Our guess is not. If President Barack Obama was really trying to give a wink and a nod to supporters of marriage equality, Mr. Biden would be far from the ideal messenger. Although he is the second-highest elected official in the land, he is so gaffe-prone (remember the line from 2007 about his future boss being "articulate and bright and clean and a nice-looking guy"?) that he lacks much punch as a strategic leaker of the administration's intentions.
Moreover, although Mr. Biden made an eloquent explanation of his thinking on the matter, the context in which he placed his recent evolution on the issue was not the kind of story the White House would make up. Certainly, the anecdote about seeing the heart-melting "look of love" two young children of a gay couple had for their parents could have come from a focus group, but the fact that this meeting took place at a fund-raiser in a private home in Los Angeles — rather than, say, at a PTA meeting in Ohio — gives it a less-than-ideal authenticity.
In all, the appearance on NBC's "Meet the Press" on Sunday had the unmistakable air of Biden being Biden, an admirable habit of the vice president saying what he really thinks even when it makes the president uncomfortable. And on this topic, the president deserves to be made uncomfortable. Mr. Obama's description of his own views on same-sex marriage as "evolving" sounds too cute by half. Either he believes that all men and women should have the same state-sanctioned right to marriage, or he doesn't. Either he thinks that the children of gay and lesbian couples deserve the same protections as their peers, or he doesn't.
The effect of Mr.

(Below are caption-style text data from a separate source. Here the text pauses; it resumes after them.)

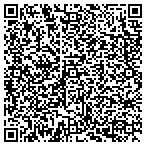 QR code with Fed Ex Kinko's Ofc & Print Center contacts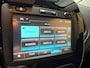 Renault Captur 1.2 TCe Intens AUTOMAAT | LED | FACELIFT | STOELVERWARMING |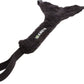 Kinetic Kinetic Trainer Accessories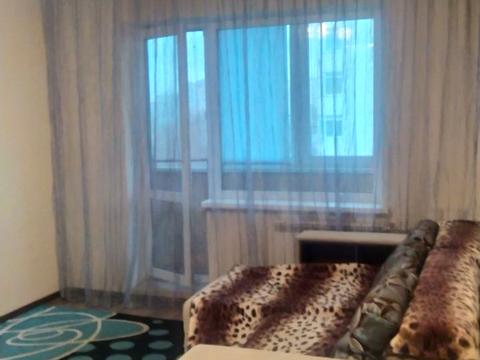 квартира за адресою Вадима Гетьмана вул., 28-Б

Biden's remarks may be a bit of a coming-out party for members of the administration; this morning, Education Secretary Arne Duncan made public his support for gay marriage in an interview on MSNBC. Housing Secretary Shaun Donovan had already said he supports marriage equality. Mr. Duncan said no one had ever asked him before, but now you can bet that every other high ranking White House official is going to be put on the spot. Pretty soon, Mr. Obama may be the lone holdout at cabinet meetings.

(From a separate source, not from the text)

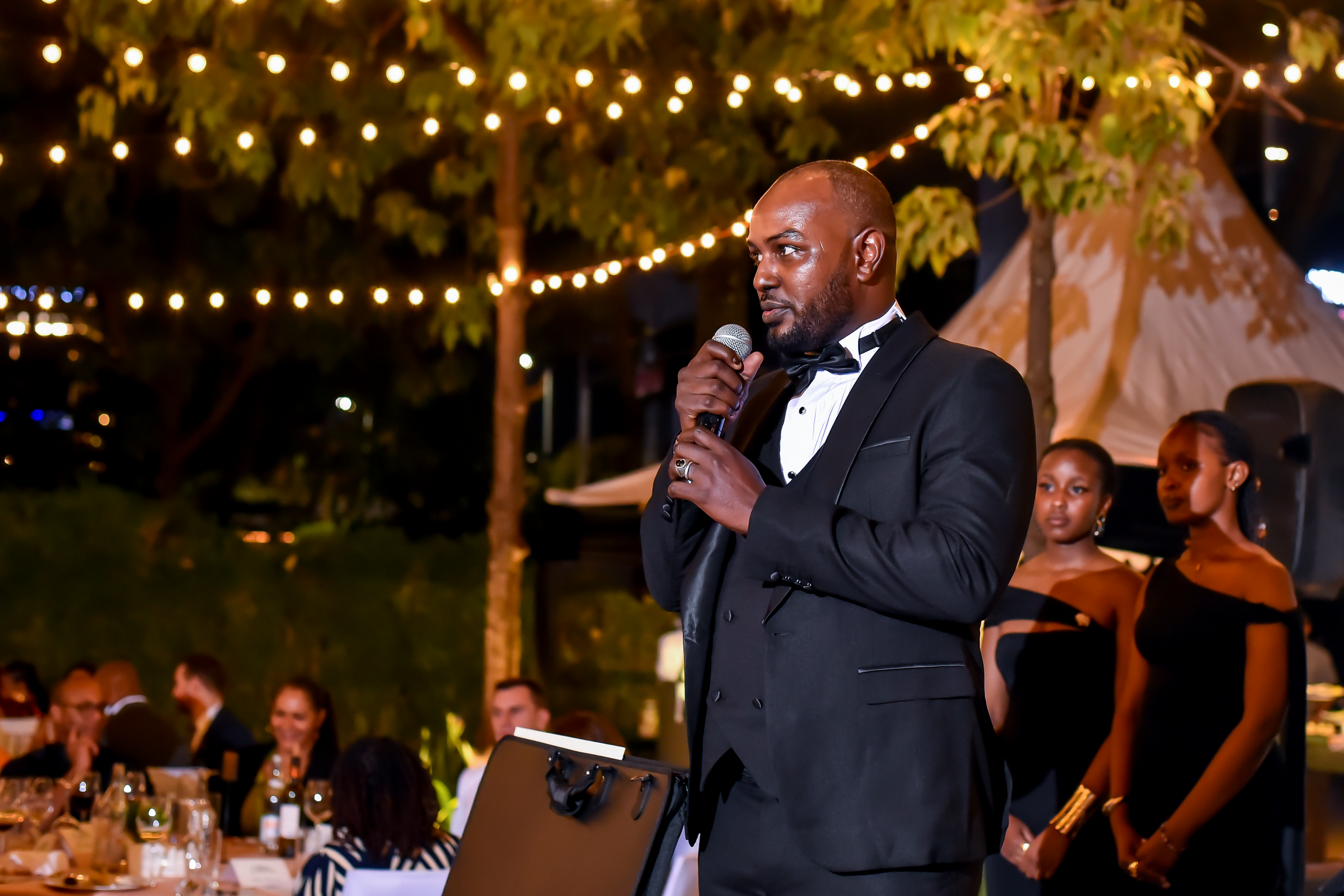 Gala Latina 2025 By Majo Arana and Akinyi Adongo (197).png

The president has long said he believes that gay couples should be offered the opportunity for civil unions that provide the same legal protections as marriage but with a different name. The Ninth Circuit Court of Appeals' recent ruling in the challenge to California's Proposition 8, which banned gay marriage in that state, convincingly made the case that such a position is constitutionally unsupportable. Since California already had a domestic partnership law, the court noted, the only effect of Proposition 8 was to deny same-sex couples the designation of "marriage." All of the public policy objections that gay marriage opponents raise (fallacious as they are) disappear in such a circumstance, and the fight then becomes merely about the use of a word. Denying gay couples a designation that is allowed for straight couples "serves no purpose, and has no effect, other than to lessen the status and human dignity of gays and lesbians in California, and to officially reclassify their relationships and families as inferior to those of opposite-sex couples," the Ninth Circuit ruled. "The Constitution simply does not allow for laws of this sort."

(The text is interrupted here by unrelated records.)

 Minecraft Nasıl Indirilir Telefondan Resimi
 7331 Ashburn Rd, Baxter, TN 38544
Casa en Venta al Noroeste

On other issues, President Obama has stood up for gay rights. He ended the pointless and discriminatory "don't ask, don't tell" policy that banned openly gay troops from serving in the military, and he has instructed the Justice Department to stop defending the Defense of Marriage Act, which bans federal recognition of gay marriages that are sanctioned by individual states. It is hard, then, to figure out why the president has been so tepid in his attitude toward the central equal rights question of the day. It is conceivable that he has religious objections to same-sex marriage, but on any number of other issues he has demonstrated ample understanding of the principle that religious belief alone is not a constitutional basis for the law.
The only other explanation is that his reluctance is political. Although recent national polls on the subject have found that supporters of same-sex marriage outnumber opponents (and in some surveys, constitute a clear majority), opposition tends to be higher among minority voters, who are crucial to the president's re-election chances. Perhaps Mr. Obama would prefer not to talk about it, but the time when a presidential candidate could sit on the sidelines of this issue has passed. Rather than scrambling to explain away another Joe Biden gaffe, the president should take the opportunity to lead.